[WIP] Modernize perf analysis and memory volume by ThrudPrimrose · Pull Request #2387 · spcl/dace

ThrudPrimrose · 2026-06-02T14:08:43Z

Testing needs to be completed.

… memory-volume Combines PR #2356 (work-depth + operational-intensity adapted to ControlFlowRegions) with PR #2357 (symbolic memory-traffic analysis, total_volume.py). Updates the work-depth Transpose import to its current dace.libraries.linalg location (moved out of standard by #2317).

Move the 'import polybench' (and the absl-backed entry point) into each kernel's '__main__' block so the modules can be imported as plain kernel libraries for analysis/tests without requiring absl-py. Behavior when run as a script is unchanged.
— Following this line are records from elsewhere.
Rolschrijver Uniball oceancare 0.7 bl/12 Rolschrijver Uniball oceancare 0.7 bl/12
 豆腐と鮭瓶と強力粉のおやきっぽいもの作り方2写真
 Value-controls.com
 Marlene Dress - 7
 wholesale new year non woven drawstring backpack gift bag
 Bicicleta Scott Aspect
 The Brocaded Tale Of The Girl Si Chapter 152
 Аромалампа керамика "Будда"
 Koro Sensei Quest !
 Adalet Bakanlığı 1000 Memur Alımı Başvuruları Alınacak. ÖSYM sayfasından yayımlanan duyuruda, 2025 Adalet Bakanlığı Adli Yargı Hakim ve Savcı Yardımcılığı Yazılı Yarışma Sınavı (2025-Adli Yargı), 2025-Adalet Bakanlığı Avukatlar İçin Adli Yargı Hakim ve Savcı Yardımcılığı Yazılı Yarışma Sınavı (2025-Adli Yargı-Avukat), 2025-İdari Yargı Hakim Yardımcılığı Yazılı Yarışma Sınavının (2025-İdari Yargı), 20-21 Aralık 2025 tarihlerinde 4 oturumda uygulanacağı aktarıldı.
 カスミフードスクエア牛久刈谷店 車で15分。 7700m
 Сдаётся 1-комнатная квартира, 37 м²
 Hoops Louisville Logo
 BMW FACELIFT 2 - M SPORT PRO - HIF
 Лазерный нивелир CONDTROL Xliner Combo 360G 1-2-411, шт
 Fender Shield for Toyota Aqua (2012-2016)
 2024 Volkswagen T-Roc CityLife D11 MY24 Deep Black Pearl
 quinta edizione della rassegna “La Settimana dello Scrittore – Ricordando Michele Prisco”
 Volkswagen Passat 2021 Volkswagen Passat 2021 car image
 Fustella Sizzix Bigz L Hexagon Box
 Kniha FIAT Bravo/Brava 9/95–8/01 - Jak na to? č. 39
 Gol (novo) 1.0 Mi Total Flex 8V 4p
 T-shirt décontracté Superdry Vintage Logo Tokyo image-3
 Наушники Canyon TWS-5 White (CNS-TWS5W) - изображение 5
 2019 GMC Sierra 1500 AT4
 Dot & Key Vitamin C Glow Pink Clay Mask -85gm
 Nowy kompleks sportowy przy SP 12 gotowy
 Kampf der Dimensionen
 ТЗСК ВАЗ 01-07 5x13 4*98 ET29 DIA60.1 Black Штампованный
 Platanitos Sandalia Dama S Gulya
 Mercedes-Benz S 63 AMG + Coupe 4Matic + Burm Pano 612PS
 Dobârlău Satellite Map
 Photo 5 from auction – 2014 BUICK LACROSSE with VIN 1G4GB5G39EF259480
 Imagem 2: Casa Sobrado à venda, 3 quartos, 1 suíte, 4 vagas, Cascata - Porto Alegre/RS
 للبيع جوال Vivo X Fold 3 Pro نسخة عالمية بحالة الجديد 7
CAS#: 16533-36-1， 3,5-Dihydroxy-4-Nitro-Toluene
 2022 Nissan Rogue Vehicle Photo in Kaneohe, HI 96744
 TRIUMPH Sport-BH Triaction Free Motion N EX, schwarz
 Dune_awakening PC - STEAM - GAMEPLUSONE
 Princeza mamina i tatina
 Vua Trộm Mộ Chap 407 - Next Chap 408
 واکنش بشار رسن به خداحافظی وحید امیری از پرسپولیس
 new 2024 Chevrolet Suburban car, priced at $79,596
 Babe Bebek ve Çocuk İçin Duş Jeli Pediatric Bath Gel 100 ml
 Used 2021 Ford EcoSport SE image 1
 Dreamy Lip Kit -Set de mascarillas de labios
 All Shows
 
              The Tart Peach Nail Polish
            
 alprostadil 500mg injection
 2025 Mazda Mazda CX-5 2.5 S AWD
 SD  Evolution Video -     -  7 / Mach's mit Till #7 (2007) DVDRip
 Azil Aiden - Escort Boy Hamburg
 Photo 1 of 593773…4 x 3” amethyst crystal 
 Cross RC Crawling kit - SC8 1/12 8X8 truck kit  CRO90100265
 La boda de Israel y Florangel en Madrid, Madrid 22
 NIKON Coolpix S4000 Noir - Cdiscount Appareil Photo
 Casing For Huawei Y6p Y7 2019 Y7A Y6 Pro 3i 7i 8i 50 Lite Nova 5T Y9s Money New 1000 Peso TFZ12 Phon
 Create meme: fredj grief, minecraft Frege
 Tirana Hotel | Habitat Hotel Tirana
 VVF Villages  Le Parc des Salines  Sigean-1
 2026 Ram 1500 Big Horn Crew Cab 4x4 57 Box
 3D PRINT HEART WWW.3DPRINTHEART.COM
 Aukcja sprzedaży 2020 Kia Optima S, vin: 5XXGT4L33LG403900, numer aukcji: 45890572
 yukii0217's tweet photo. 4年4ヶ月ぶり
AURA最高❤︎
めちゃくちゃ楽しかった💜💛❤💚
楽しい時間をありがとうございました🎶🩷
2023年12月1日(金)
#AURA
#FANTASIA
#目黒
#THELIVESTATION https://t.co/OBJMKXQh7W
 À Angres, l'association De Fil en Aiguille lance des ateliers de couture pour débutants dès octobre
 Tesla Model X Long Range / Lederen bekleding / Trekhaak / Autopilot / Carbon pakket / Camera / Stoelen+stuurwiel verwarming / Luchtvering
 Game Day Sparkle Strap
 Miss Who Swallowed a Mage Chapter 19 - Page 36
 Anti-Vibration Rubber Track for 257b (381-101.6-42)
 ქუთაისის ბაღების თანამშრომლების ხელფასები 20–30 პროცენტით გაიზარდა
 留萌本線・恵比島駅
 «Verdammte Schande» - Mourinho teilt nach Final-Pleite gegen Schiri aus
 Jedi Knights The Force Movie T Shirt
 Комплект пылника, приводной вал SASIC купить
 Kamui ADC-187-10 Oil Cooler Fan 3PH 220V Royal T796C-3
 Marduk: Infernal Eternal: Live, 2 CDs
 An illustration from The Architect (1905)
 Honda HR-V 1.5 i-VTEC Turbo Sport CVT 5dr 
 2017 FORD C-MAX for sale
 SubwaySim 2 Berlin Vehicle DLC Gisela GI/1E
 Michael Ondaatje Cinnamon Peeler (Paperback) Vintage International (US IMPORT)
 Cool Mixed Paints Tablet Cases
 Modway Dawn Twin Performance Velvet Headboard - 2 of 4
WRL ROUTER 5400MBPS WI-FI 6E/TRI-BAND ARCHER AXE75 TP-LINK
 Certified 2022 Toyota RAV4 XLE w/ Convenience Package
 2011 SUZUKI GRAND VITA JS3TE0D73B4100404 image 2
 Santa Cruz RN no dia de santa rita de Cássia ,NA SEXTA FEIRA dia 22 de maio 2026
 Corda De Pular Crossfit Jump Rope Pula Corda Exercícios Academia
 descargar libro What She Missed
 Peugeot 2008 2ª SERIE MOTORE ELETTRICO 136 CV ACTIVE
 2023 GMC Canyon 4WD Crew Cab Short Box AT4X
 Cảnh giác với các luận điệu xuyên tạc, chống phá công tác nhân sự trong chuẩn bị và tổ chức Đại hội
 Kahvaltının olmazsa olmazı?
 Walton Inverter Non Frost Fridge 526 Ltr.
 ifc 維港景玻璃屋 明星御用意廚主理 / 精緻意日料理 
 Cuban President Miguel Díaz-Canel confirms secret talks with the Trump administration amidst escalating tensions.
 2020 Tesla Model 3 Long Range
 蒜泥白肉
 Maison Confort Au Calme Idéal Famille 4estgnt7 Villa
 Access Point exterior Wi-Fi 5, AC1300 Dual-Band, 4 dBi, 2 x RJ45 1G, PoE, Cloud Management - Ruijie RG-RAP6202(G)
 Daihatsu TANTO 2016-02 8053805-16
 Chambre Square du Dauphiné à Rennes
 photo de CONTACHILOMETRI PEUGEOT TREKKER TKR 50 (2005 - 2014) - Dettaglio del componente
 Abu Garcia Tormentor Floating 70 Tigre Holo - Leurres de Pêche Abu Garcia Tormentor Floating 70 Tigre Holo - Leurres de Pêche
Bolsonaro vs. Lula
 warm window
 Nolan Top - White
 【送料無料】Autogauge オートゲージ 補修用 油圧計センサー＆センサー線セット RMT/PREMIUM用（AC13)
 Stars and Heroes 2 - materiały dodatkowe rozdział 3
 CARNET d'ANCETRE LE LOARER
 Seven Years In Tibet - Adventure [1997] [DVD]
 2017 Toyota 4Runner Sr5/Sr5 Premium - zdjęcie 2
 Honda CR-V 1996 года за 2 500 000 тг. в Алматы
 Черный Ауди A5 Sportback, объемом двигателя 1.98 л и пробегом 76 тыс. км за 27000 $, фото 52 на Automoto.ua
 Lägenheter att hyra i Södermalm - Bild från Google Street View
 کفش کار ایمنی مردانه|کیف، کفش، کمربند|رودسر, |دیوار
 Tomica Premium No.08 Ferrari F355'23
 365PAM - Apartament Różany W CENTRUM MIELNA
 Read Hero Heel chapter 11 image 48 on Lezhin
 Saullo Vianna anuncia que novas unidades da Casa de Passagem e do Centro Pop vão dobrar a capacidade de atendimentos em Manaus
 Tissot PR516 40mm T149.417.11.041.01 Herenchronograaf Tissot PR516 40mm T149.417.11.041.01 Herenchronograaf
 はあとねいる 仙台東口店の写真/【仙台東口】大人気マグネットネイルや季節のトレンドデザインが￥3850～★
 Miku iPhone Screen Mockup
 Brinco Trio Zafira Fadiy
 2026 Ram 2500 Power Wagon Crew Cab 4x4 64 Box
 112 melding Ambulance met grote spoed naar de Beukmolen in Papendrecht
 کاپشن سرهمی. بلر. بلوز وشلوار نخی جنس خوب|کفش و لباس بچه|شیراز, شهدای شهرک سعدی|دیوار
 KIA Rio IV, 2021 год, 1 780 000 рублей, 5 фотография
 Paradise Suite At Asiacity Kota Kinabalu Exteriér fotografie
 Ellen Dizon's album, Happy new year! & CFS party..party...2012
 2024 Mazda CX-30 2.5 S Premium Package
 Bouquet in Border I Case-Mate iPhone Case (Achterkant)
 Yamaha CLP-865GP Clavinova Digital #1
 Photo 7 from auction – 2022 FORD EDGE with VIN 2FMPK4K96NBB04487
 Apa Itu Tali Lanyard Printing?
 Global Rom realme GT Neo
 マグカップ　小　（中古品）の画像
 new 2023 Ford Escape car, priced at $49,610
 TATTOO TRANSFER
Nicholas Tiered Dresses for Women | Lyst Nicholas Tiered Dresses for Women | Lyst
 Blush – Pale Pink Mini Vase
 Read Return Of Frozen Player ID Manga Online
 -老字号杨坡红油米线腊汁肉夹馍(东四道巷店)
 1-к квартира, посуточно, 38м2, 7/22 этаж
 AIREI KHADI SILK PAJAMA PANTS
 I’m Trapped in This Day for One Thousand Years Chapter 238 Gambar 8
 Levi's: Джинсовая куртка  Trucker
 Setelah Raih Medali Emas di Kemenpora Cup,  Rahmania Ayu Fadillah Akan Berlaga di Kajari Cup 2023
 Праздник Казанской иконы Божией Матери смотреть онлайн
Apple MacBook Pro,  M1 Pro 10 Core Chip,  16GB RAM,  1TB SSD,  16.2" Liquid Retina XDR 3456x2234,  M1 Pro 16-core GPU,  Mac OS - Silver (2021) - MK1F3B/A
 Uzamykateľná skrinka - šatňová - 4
…ybench Replace the TestAnalyzeSdfg class with module-level test_* functions, add the copyright header and Sphinx docstrings, trim unused imports, and remove the duplicated test_jacobi_1d (defined twice) and the inline jacobi kernels: per-kernel volume checks on real kernels move to polybench_analysis_test.

Remove a stray sdfg.save('sdfg.sdfg') debug write, fix main() unpacking a 4-tuple from analyze_sdfg's 2-tuple return, correct invalid type-hint syntax, replace bare 'except:' with 'except Exception', avoid mutable default arguments, de-alias imports, and add the copyright header, module docstring and Sphinx docstrings.

Remove the stray 'from unittest import result' in work_depth_test and replace a bare 'except:' with 'except Exception' in the operational- intensity interstate-edge handling.

Replace the incomplete hard-coded zero-work cast list with one derived from the available DaCe data types plus Python/C builtins (so casts like double, dace.uint16 no longer warn), and treat int_floor/int_ceil as one integer division each.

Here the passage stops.